Our faculty are a source of great pride and bring a world of expertise, experimentation and excellence to our students and our community. Meet Nada Diachenko, professor
in the Department of Theatre and Dance.

Diachenko joined the faculty in the fall of 1988 after a 25-year professional dance career in New York City, NY and teaching at New York University.

What drew you to your field of expertise, and keeps you passionate about your work?

My field of expertise is dance and dance education with a focus in dance science and somatic methods (experiential movement systems that focus on mind-body integration). My passion for dance and curiosity about how the body moves began as a young child. I entered the professional dance field at age 16, performing with the Baltimore Opera Ballet Company and teaching dance. Throughout my 40-year career as a dancer, teacher, choreographer, artistic director, and administrator, I have been able to express all aspects of myself and work in a field where creativity, collaboration, interpersonal interaction and celebration of the human spirit is valued.
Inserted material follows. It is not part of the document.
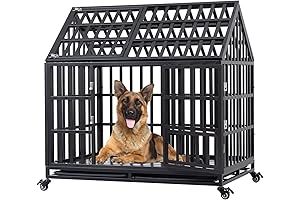 Smonter Heavy Duty Strong Metal Dog Cage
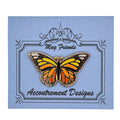 Orange Butterfly Needle Minder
The ability to fulfill my inner drive to create and share what I have learned with others is what keeps me passionate about my work.

One major aspect of my work that continues to excite and inspire me is my ongoing study of the human body – how it moves and how it can move better. Early in my career, I trained and danced in New York City with Erick Hawkins, a pioneer in creating an approach to training dancers by integrating somatics and dance technique. In-depth studies of many somatic methods and certification in the Alexander Technique have expanded my ability to help dancers and other performers enhance their technique and performance.

What do you most enjoy and what is the most challenging aspect of your profession?

Since I am involved in a variety of aspects of the dance profession, it is difficult to isolate the most challenging aspect. I would have to say the general lack of funding for the arts, specifically for dance, in both the professional world and in academe, and the lack of understanding of the value of dance education in K-12 are two major challenges of the dance profession. In addressing the challenges of dance in higher education, I find that there is an ongoing need to educate administrators and colleagues in other fields about the contribution and value of a dance education.

At this stage of my career, I most enjoy the rewards of working closely with students in their creative process and personal growth as artists, scholars, and educators. I also enjoy the wonderful CU dance faculty who respect and support each other, allowing for ease and creativity in day-to-day problem solving and collaborative projects.

What are your favorite interests and activities apart from your work?

When not working at CU, I spend time working on myself with ongoing study in the Alexander Technique, Pilates, and yoga. Being in nature, especially on tropical beaches, is necessary. I also enjoy daily walks/hikes, cooking, and volunteer work giving spiritual healings. I enjoy national and international travel, presenting workshops in dance and the Alexander Technique.